The reasons for the advice were:
- the risks and benefits of the use of a substance:
- Each substance was considered on its own risks and pattern of use
- Risk: Including all prostaglandins for obstetrics/gynaecology use in Appendix D Item 1 would restrict prescribing this class of substance to authorised medical practitioners. People who may require these in an emergency cannot access them.
- the purposes for which a substance is to be used and the extent of use of a substance:
- Multiple therapeutic uses exist for prostaglandins as there are multiple compounds.
- There are a variety of therapeutic uses for prostaglandins.

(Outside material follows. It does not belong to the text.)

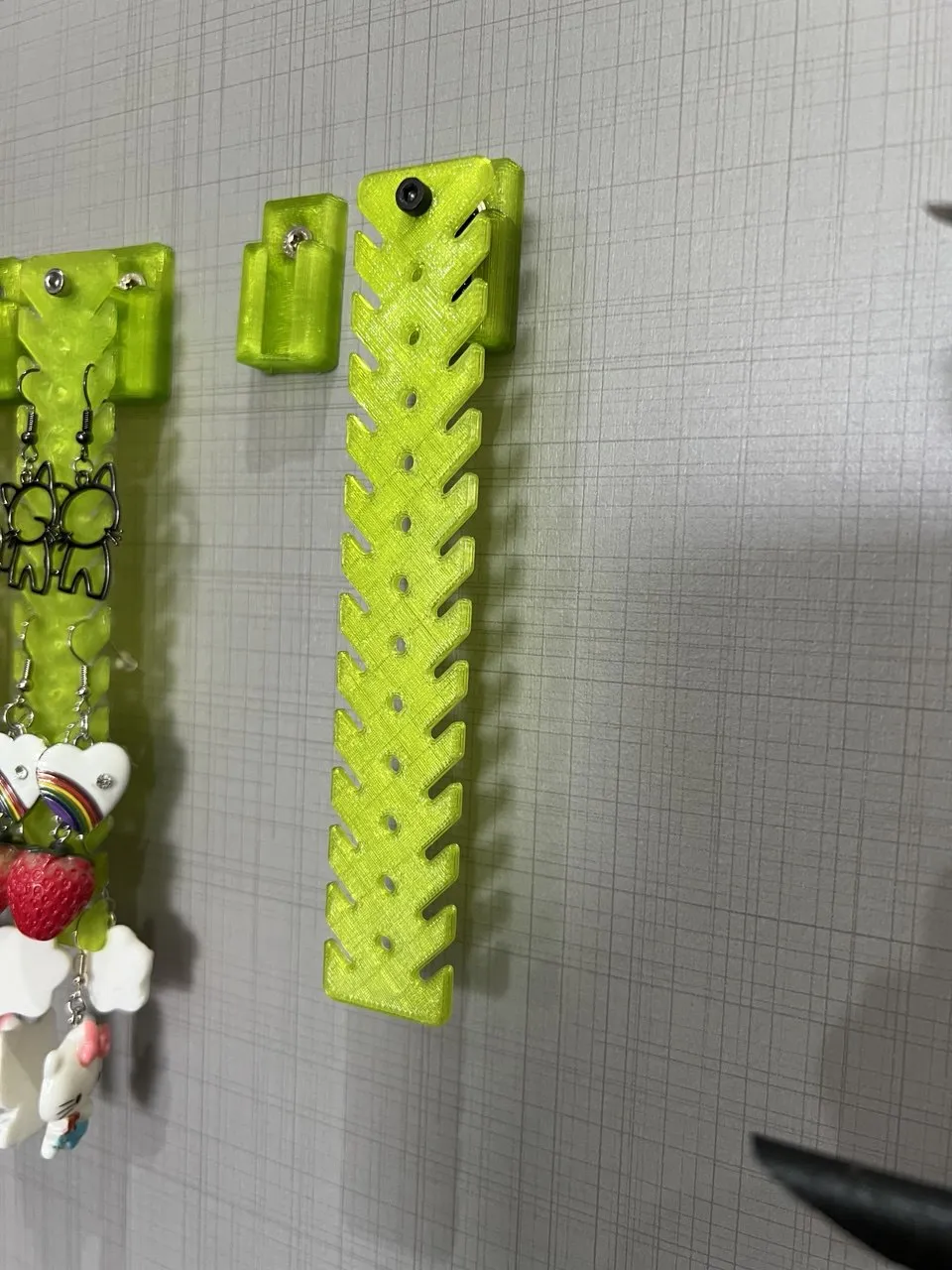 Removable earring hanger view 2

- In the context of this agenda item, prostaglandins are used for:
- The treatment of post-partum haemorrhage due to uterine atony;
- For the therapeutic termination of pregnancy; and
- For induction of labour.
- the toxicity of a substance:
- Variable.
- the dosage, formulation, labelling, packaging and presentation of a substance:
- Variable.
- the potential for abuse of a substance:
- Limited.
- any other matters that the Secretary considers necessary to protect public health:
- Nil.
Delegate's considerations
The delegate considered the following in regards to this proposal:
- Scheduling proposal;
- ACCS-ACMS advice;
- Public submission received;
- Scheduling Policy Framework (SPF 2018); and
- Section 52E (1) of the Therapeutic Goods Act 1989, in particular: (a) the risks and benefits of the use of a substance; (b) the purposes for which a substance is to be used and the extent of use of a substance; (c) the toxicity of a substance; (d) the dosage, formulation, labelling, packaging and presentation of a substance; and (f) any other matters that the Secretary considers necessary to protect public health.